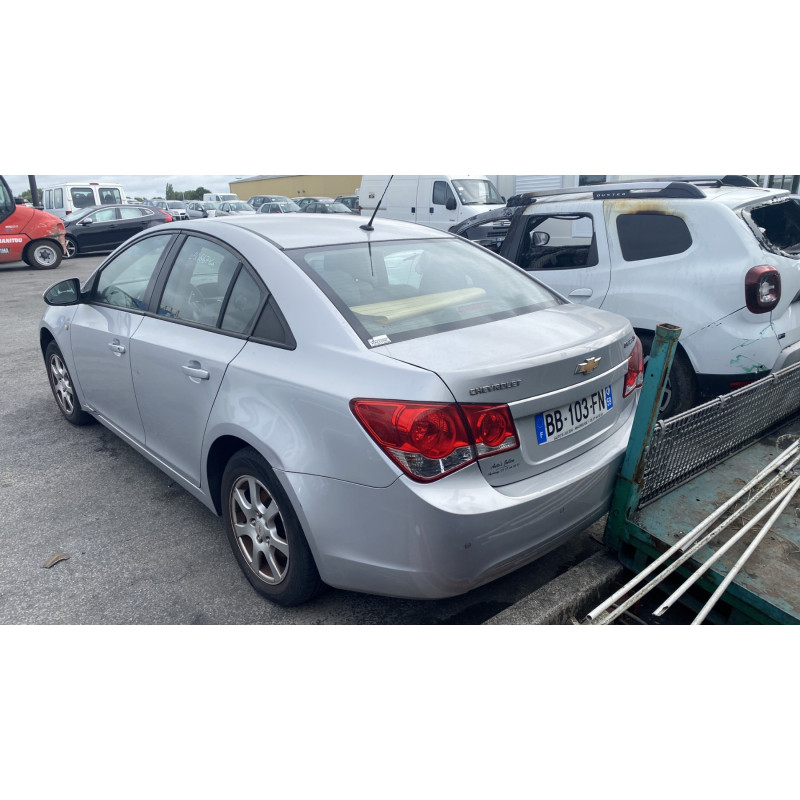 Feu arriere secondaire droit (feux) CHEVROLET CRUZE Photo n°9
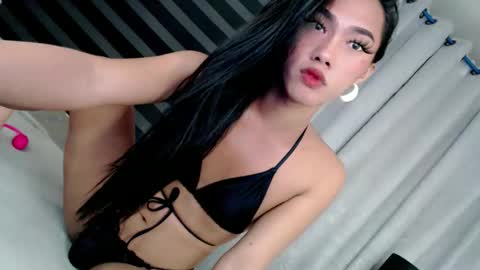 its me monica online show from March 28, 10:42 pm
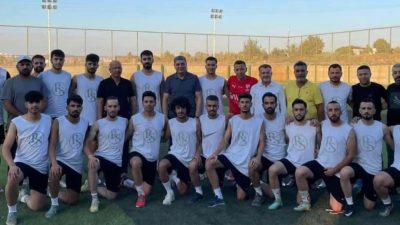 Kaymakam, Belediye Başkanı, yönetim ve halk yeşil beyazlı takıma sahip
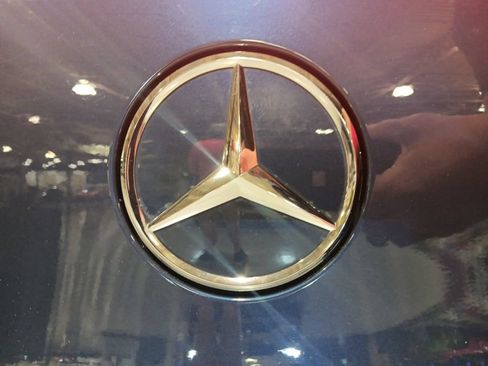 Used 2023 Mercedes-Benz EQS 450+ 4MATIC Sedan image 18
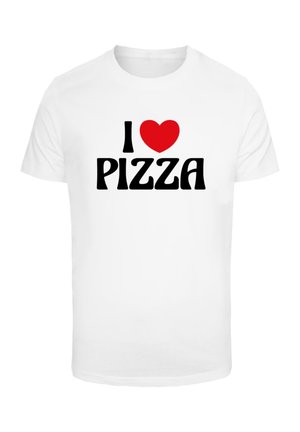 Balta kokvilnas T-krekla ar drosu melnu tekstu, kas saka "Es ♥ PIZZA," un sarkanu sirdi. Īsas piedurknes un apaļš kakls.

--*--

• **WHAT IS EXPECTED**: Begin the copy at the line containing "its me monica" and end it at the final line of the material above, reproducing each line exactly and omitting pictures.

• **TASK SOLUTION**:
 its me monica online show from March 28, 10:42 pm
 Kaymakam, Belediye Başkanı, yönetim ve halk yeşil beyazlı takıma sahip
 Used 2023 Mercedes-Benz EQS 450+ 4MATIC Sedan image 18
 Balta kokvilnas T-krekla ar drosu melnu tekstu, kas saka "Es ♥ PIZZA," un sarkanu sirdi. Īsas piedurknes un apaļš kakls.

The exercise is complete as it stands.